But the shells in evidence at the National Archives today don’t have Poe’s initials marked on them.[29] And, as Jim DiEugenio points out, the shells were not included in the original evidence summary and was sent to the FBI six days after the FBI concluded that the bullets couldn’t be matched to the revolver. According to DiEugenio this raises the possibility that the FBI did not examine the same shells that Benavides gave to the police.

One more thing about Oswald’s revolver: when Oswald was arrested at the Texas Theater, Officer McDonald struggled to take the gun from him. During their fight for the gun, McDonald pulled the gun toward him and heard the hammer click. But, according to McDonald, QUOTE, “The primer was dented and it didn’t fire.”[30]On the other hand, Cortland Cunningham told the Warren Commission that they found no evidence that the firing pin of the gun had struck any of the cartridges.[31] If McDonald really heard the hammer click and the gun didn’t fire, that’s a strong argument against the gun functioning. On the other hand, the FBI expert says that McDonald’s account is not possible and he must have been mistaken.

Tippit’s Movements Before the Shooting

Conspiracy theorists have long believed that J.D. Tippit’s positioning in Oak Cliff at the time of his shooting didn’t make any sense. So why was J.D. Tippit in Oak Cliff and what was he up to in the minutes immediately before his death?

The Warren Report says that at 12:45, the police dispatcher ordered No. 78 (which is Officer Tippit) to move into the Central Oak Cliff area.[32] The Report claimed that this instruction appeared on the police radio logs.[33] But critics, like Sylvia Meagher, doubt the veracity of the radio logs. Meagher points out that 3 different transcripts of police radio logs were received by the Warren Commission.

On December 3, the first police call log was sent to the Warren Commission.

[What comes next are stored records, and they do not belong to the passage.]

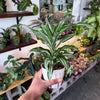 Dracaena ‘Kanzi’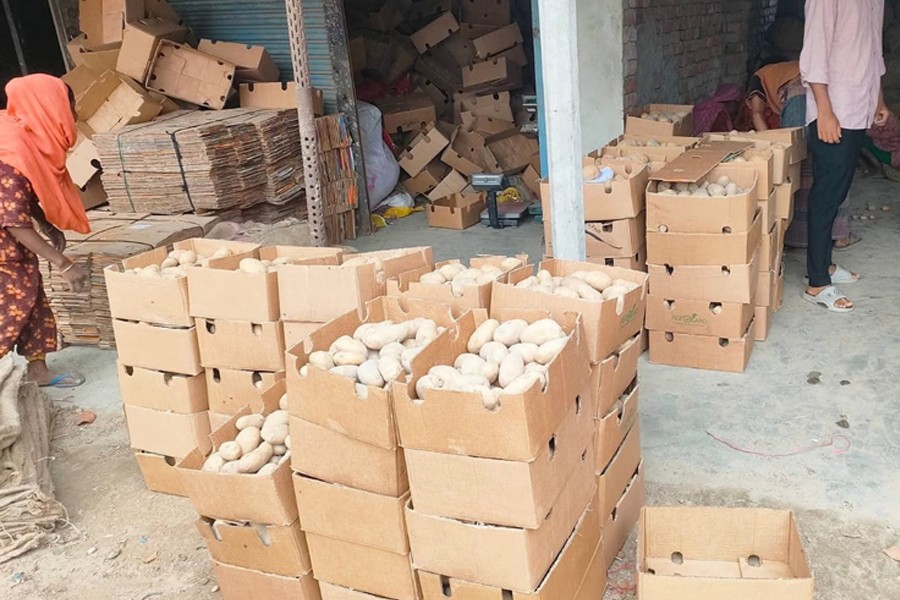 Potatoes are boxed up and prepared for export. The photo was taken from Shibganj haat in Bogura district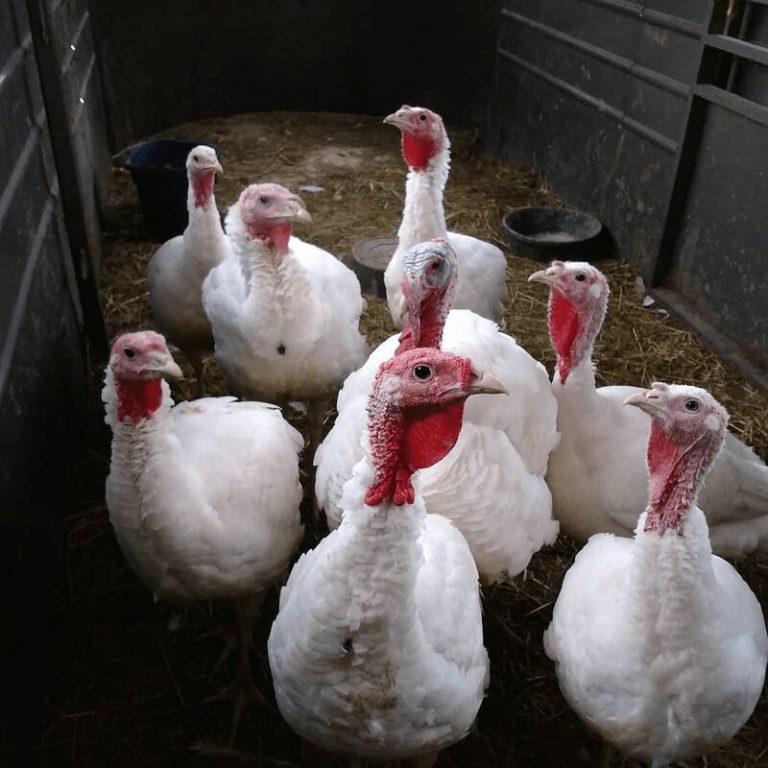 Terbaru Di 2021!! Harga Jual Ayam Kalkun Dari Bibit Sampai Indukan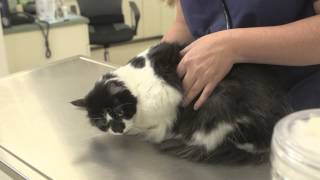 Instructions for Post-Op Neutered Cats : General Cat Health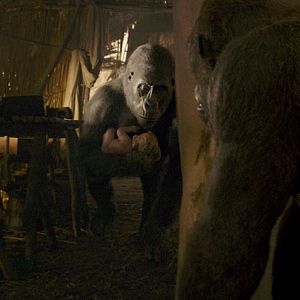 Foto A Lenda de Tarzan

This call log did not include the 12:45 dispatcher order for Officer Tippit to leave his assigned area and move into Oak Cliff.[34] Then, in April 1964, when Dallas Police Chief Jesse Curry was interviewed, he said that the instruction for Tippit to move into Oak Cliff was omitted from the first set of logs because it was difficult to hear clearly.[35] But, Curry said that he could understand it well enough to know for sure that the 12:45 dispatch did send Tippit into Oak Cliff. Critics wonder how Chief Curry was able to vouch for the transcript with certainty if the recording was so unclear that they decided it wasn’t even worth providing to the Warren Commission.

After Curry’s testimony, the Dallas police department provided the Commission with a second call log transcript that included only the numbers (and not the names) of police officers.[36] That transcript showed that Tippit (Number 78) and Number 87 – Officer Nelson were told to enter Oak Cliff at 12:45. Finally, in August 1964, the FBI prepared a new written transcript for the Warren Commission based on the original tapes – this is the third call log. This time the transcript actually said Tippit’s name and showed the dispatcher asking him and Officer Nelson to move into Oak Cliff. The transcript even shows both Tippit and Nelson responding to the order by noting their locations.[37]

But if Officer Nelson really did hear the order to move in to Oak Cliff at 12:45, it’s hard to reconcile that order with his actions that day. Officer Nelson is next heard from on the police log at 1:30 at the Book Depository - as if he never received the 12:45 instruction. And the dispatcher doesn’t express surprise or confusion when hearing that Officer Nelson isn’t in Oak Cliff as instructed. Also, there’s an FBI report that discusses the whereabouts of Dallas police officers that day which says QUOTE: “R.C. Nelson…Dispatched to Texas Schoolbook Depository where stationed in front of building remainder of afternoon.”[38]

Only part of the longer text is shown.